RECORDS FOR THE EXERCISE:
□ □ □ □ □ □ □

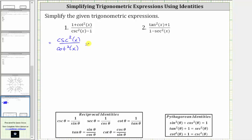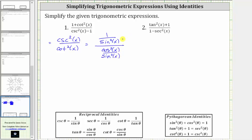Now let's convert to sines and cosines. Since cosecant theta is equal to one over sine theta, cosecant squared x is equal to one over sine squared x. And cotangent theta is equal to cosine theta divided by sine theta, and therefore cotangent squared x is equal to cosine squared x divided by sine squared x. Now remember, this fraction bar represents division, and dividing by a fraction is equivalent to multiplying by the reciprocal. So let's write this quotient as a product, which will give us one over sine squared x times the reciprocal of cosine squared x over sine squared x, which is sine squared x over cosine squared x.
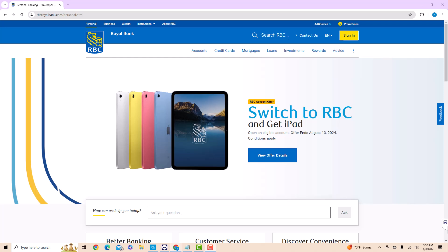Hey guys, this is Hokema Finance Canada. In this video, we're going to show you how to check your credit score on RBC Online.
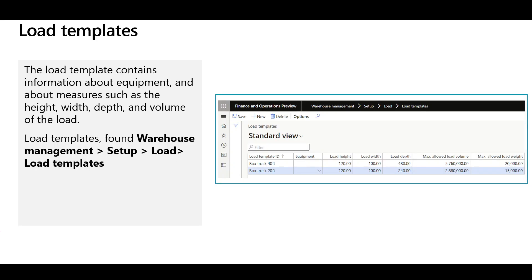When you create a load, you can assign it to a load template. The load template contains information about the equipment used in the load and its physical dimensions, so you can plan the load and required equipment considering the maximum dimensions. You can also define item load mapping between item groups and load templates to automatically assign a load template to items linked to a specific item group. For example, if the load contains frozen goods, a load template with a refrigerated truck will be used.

□ □ □ □ □ □ □

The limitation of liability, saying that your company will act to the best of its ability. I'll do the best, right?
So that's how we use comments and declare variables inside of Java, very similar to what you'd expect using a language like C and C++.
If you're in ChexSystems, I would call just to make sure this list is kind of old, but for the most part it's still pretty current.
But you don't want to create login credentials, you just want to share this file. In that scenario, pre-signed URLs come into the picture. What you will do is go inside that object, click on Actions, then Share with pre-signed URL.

□ □ □ □ □ □ □

WORK TO COMPLETE:
Print only what lies in the material above starting at the line with "The limitation of" and ending at the line with "If you're in", every line exactly as given.

RESULT:
The limitation of liability, saying that your company will act to the best of its ability. I'll do the best, right?
So that's how we use comments and declare variables inside of Java, very similar to what you'd expect using a language like C and C++.
If you're in ChexSystems, I would call just to make sure this list is kind of old, but for the most part it's still pretty current.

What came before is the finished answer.